** Opening PROVIDED DATA block **

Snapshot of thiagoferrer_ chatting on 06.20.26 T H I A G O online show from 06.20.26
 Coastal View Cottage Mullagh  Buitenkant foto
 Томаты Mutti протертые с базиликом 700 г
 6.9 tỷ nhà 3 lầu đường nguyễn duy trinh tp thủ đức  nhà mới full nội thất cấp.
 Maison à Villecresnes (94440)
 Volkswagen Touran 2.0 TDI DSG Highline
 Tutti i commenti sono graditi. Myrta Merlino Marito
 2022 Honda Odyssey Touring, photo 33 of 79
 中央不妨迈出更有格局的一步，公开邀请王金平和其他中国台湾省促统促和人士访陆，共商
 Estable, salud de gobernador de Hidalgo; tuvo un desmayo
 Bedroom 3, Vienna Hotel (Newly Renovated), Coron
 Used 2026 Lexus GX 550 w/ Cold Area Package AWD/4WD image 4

** Closing PROVIDED DATA block **

— TASK —
Output only the lines from the one containing "Bedroom 3, Vienna" through the end of the material, please, exactly as they appear.

— SOLVED PROBLEM —
 Bedroom 3, Vienna Hotel (Newly Renovated), Coron
 Used 2026 Lexus GX 550 w/ Cold Area Package AWD/4WD image 4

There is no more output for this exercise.